A light breeze blows against my face, a friendly breath in the warm afternoon. I feel the hard, cold, metal rail not meant for the purpose of sitting, beneath me. I hear the splashing of water behind me. It is a constant gurgle of water hitting water with a slap, a steady cacophony that soon blends with the rest of the noises around. I hear voices, some many feet away, some directly in front of me. The voices speak many languages and are in constant movement. Some are in English, other Italian, but mainly they blend into a white noise and join the gurgling water in the back of my mind. I can hear the shuffling of sneakers coming in from my right side, they pass in front of me and disappear on my left.
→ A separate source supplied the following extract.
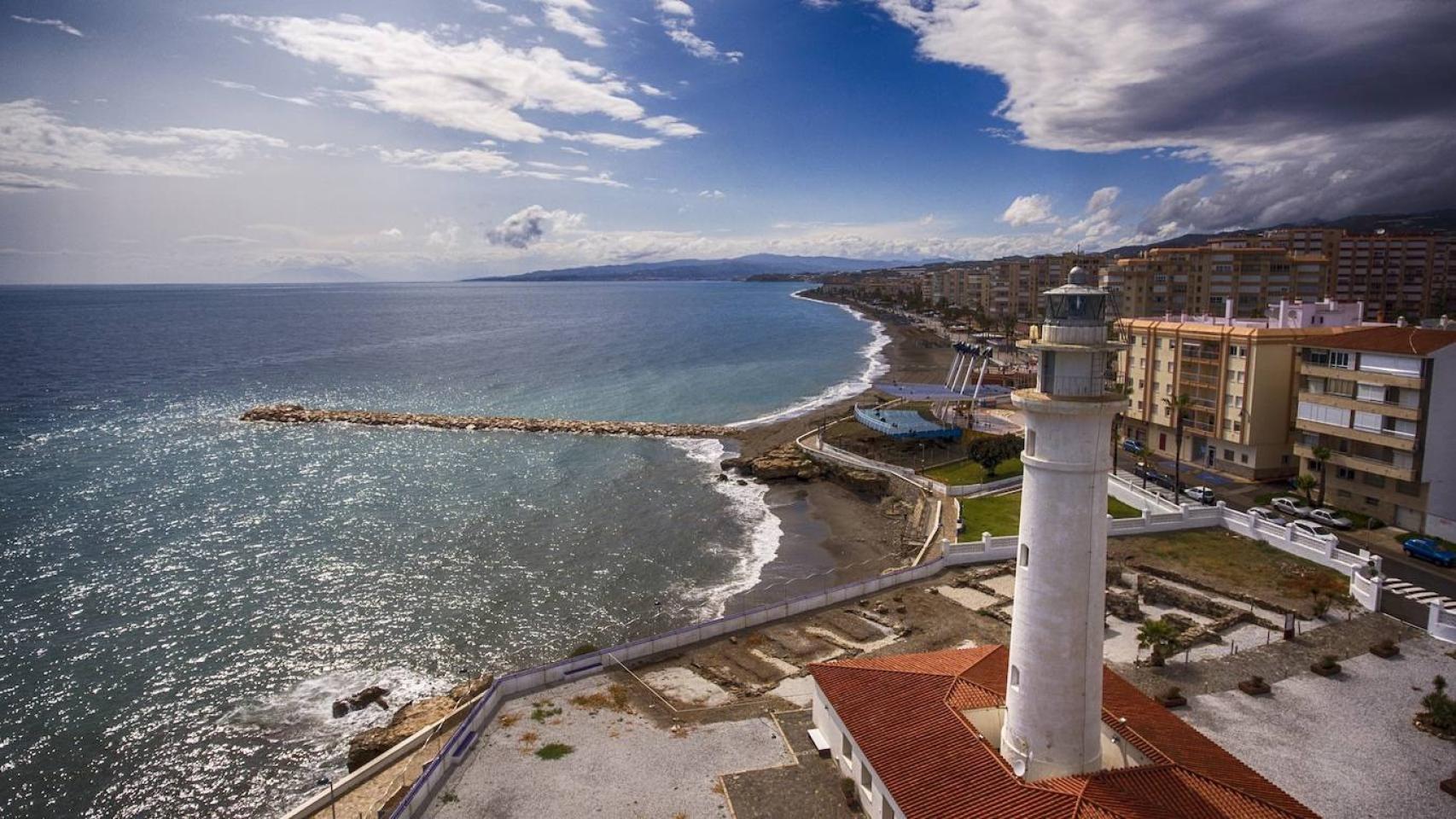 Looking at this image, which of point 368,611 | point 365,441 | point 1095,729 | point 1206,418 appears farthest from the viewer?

One loud American exclaims “there is the Bernini restaurant.” Vendors draw nearer and farther away. Only a few feet on my left, one insists “Hello Madame,” followed by an abrupt “No” from a woman. The sounds of the hustle of a restaurant lies directly in front of me: laughing, chatting, silverware jostling and glasses clinking. Accompanied with the sounds of the restaurant comes the slight waft of Italian food cooking: hot pizza, bubbling pasta, sauces of all sorts hitting my nose and making me salivate. Every time a breeze blows past, the smell of cigarettes overwhelms my senses, filling my mouth with the bitter taste of smoke. The clicks of cameras remind me that I am seated in no ordinary place. The sound of water reenters my mind as I remember the great beauty that that camera just captured, and perhaps in that physical memory they just created with the camera, I am captured there as well, a nuisance to the clarity of the photo.